Discussion in 'Rendering Technology and APIs' started by fellix, Dec 27, 2009.

  1. Talonman

    Newcomer

    Joined:
    Jan 2, 2010
    Messages:
    64
    Likes Received:
    0
    Glad to help. :)
     
  2. Jawed

    Legend

    Joined:
    Oct 2, 2004
    Messages:
    10,853
    Likes Received:
    722
    Location:
    London
    NVidia users normally won't have a CPU capability on their systems as they need the ATI driver to be installed (this driver contains both CPU and GPU support for OpenCL, and installs on systems that don't have ATI graphics). I think Vista prevents multiple IHV drivers from being installed, but XP and W7 should be OK.

    Anyway, all the fun is going to be in multiple-GPU. Talonman should be happy then.

    Jawed
     
  3. Talonman

    Newcomer

    Joined:
    Jan 2, 2010
    Messages:
    64
    Likes Received:
    0
    You know me well!!

    Optix Libraries FTW!

    My favorite multi-GPU program is Mandelbulb. Due to it using the Optix libraries, it does do an outstanding job of using all of your GPU's installed in the system. :heart:
    (That's both GPU's operating in SLI mode, and Dedicated PhysX mode.)

    The CPU workload will also make use of multiple cores if available.

    http://forums.nvidia.com/index.php?showtop...50985&st=20
    To Download - Post 29, page 2.

    My GPU workload distribution with the app running:
    [​IMG]

    I wish more CUDA libraries would just handle that, as well as Optix apparently does.

    End Thread Jack!
     
  4. Dade

    Newcomer

    Joined:
    Dec 20, 2009
    Messages:
    206
    Likes Received:
    20
    I have read this news on NVIDIA OpenCL forum: http://forums.nvidia.com/index.php?showtopic=153438
    No idea how it works but it looks interesting for CPUs.

    I have read also this post: http://forums.nvidia.com/index.php?showtopic=154710
    It could be a good explanation of why the SmallptGPU CPU usage is so high for NVIDIA users.
     
  5. Talonman

    Newcomer

    Joined:
    Jan 2, 2010
    Messages:
    64
    Likes Received:
    0
    Is there a known way to disable blocking when alternating memory buffers are being used?

    or is the better question...

    How can we run SmallptGPU without using alternating memory buffers all-together.
     
  6. Jawed

    Legend

    Joined:
    Oct 2, 2004
    Messages:
    10,853
    Likes Received:
    722
    Location:
    London
    Not sure I rate their chances against AMD and Intel...

    So it has no meaningul impact on actual rendering performance then.
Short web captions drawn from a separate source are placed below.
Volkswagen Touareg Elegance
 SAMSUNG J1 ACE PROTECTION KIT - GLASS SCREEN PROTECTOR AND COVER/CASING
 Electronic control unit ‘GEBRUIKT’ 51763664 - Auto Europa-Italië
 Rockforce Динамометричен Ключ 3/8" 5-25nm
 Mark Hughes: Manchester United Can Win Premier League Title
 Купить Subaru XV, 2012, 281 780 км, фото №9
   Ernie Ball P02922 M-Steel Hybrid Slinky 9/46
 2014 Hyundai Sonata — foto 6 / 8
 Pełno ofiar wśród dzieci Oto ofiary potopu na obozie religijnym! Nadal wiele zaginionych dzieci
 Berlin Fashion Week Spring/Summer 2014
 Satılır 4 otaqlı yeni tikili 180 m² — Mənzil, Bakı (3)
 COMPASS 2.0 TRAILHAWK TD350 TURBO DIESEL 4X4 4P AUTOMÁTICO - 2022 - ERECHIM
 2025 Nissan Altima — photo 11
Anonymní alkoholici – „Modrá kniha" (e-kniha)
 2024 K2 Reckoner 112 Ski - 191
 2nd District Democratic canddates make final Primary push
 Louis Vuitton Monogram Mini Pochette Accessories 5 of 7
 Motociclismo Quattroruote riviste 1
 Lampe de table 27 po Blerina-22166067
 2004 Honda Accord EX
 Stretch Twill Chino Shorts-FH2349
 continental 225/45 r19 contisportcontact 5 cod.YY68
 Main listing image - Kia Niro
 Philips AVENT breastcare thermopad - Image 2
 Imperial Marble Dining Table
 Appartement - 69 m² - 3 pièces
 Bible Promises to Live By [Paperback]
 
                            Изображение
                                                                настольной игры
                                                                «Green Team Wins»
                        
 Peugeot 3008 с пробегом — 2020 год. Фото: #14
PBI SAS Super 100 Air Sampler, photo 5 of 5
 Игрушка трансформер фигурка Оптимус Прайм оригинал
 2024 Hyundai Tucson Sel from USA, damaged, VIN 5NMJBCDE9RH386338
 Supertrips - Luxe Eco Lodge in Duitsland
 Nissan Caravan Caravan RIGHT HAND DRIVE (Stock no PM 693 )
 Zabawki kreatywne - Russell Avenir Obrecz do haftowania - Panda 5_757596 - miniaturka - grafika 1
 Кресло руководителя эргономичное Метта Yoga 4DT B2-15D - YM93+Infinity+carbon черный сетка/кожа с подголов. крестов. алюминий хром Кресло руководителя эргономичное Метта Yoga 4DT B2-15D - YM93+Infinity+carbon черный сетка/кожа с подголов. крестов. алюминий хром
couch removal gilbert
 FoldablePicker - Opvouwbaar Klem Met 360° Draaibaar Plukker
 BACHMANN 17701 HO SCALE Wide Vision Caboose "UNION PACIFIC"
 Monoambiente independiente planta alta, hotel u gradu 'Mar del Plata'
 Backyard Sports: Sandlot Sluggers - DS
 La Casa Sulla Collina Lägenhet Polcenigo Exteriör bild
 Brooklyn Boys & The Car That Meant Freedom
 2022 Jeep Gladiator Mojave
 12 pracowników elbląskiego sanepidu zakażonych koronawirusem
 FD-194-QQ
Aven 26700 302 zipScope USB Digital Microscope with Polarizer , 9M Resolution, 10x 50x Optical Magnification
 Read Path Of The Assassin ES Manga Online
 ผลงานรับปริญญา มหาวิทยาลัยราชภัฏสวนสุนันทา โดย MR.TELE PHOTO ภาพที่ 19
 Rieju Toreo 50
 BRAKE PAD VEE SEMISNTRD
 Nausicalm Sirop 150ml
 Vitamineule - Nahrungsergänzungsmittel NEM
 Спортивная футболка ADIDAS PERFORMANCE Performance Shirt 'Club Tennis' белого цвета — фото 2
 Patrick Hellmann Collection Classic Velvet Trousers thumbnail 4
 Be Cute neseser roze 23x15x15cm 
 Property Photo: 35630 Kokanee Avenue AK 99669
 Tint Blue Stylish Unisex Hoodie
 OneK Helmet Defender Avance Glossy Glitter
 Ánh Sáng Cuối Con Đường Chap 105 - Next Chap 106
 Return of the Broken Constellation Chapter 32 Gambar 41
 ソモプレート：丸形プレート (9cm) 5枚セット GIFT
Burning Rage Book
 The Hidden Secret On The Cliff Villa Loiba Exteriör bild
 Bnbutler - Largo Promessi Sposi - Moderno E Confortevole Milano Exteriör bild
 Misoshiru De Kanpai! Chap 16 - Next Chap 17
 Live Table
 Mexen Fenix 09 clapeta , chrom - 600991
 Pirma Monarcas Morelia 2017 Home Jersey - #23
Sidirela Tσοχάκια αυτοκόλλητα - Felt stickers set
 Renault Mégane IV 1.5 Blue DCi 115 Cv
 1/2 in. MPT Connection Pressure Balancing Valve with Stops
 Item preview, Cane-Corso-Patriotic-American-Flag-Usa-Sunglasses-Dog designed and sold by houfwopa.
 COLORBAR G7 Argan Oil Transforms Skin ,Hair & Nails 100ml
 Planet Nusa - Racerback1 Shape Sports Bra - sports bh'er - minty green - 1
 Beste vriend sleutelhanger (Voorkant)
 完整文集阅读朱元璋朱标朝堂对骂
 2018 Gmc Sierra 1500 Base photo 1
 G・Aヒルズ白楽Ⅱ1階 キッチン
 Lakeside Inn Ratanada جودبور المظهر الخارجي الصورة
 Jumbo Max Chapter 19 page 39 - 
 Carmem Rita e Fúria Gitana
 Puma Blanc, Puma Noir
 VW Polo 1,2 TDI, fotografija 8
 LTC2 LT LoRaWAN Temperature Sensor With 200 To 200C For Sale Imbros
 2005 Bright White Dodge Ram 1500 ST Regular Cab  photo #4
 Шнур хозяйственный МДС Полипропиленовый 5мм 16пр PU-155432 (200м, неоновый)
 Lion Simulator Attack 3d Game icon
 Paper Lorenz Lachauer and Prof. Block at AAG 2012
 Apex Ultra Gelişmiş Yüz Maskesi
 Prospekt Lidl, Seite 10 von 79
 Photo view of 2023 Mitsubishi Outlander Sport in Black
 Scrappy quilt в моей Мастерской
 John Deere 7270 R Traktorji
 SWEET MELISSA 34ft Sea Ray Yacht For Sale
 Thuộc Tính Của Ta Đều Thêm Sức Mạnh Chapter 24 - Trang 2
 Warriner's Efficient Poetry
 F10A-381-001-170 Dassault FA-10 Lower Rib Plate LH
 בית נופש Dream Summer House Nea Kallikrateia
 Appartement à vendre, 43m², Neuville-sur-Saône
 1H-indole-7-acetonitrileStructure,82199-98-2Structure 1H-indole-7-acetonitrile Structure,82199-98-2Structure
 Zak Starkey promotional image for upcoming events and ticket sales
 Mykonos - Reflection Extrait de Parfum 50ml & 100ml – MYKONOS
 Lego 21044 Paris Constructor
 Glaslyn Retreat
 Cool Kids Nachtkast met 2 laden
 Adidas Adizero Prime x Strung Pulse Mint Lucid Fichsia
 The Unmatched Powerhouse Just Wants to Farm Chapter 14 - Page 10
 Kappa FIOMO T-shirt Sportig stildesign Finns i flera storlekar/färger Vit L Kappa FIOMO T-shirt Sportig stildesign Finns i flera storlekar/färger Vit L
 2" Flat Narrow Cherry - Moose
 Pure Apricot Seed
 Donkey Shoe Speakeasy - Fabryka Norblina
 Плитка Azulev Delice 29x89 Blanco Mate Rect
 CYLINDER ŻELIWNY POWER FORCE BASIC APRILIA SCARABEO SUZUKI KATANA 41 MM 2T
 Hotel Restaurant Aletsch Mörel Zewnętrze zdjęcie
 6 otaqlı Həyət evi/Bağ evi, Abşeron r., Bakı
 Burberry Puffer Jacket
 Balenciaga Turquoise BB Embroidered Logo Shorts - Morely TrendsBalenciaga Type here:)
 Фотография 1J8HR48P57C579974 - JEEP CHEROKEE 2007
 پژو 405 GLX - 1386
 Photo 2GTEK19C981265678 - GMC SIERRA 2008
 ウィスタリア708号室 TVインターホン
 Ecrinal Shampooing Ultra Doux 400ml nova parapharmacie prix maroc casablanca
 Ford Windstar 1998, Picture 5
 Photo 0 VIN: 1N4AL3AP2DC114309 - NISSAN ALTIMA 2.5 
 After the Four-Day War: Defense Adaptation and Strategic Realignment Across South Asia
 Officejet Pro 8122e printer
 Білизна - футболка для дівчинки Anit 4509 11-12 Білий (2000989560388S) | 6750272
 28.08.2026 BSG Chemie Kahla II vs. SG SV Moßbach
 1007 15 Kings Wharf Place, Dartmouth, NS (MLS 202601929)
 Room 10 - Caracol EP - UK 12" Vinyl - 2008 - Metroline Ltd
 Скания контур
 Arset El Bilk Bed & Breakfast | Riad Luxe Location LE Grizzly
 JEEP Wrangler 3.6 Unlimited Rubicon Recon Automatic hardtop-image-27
Also NVidia can change the way this OpenCL event is handled so that it's treated like an event rather than a spin.

    Jawed
     
  7. Talonman

    Newcomer

    Joined:
    Jan 2, 2010
    Messages:
    64
    Likes Received:
    0
    Sorry, I still can't edit. At least my post count is going up, and some day edit will be unlocked!

    Is there any reason to think that the 'RUN_SCENE_SIMPLE_64SIZE', would not need to use alternating memory buffers due to a lot of "nothing to do" rays?
     
  8. Jawed

    Legend

    Joined:
    Oct 2, 2004
    Messages:
    10,853
    Likes Received:
    722
    Location:
    London
    NVidia has coded the event triggering "badly", which uses 100% of a core. Same code on ATI doesn't do this. The OpenCL is entirely sane as far as I can tell, and this is purely down to NVidia.

    The other side of the coin is that NVidia appears to have ~2x higher kernel invocation rate than ATI. This would be an advantage if ray tracing needed thousands of separate invocations per second.

    This invocation rate advantage might be due to the way NVidia is handling events (i.e. the high CPU usage) or it might not. I don't know.

    Actually, to be sure that invocation rate is higher on NVidia we'd need to compare an "empty kernel" on both. NVidia may have higher work-item generation rate or something else (i.e. something in the GPU) that makes "rendering infinity" faster...

    Jawed
     
  9. Tim Murray

    Tim Murray the Windom Earle of mobile SOCs
    Veteran

    Joined:
    May 25, 2003
    Messages:
    3,278
    Likes Received:
    66
    Location:
    Mountain View, CA
    I don't know if blocking sync is implemented for OpenCL on NV hardware. The "fastest" way to wait on GPU event completion is to spinlock on a memory location, but that obviously pegs a CPU core. Blocking sync allows the thread to go to sleep and be awakened by the driver later. There can be significant latency penalties (it can be orders of magnitudes higher than a basic spinlock because you get into the vagaries of OS thread scheduling), but this is not a bottleneck for a number of applications.
     
  10. Dade

    Newcomer

    Joined:
    Dec 20, 2009
    Messages:
    206
    Likes Received:
    20
    I understand the point but it is going to be a problem for anyone interested to CPU+GPU bandwidth (i.e. total rendering time in my case) more than GPU latency. I guess they should use some sort of adaptive strategy (i.e. spinlock for small task, thread suspend for larger one).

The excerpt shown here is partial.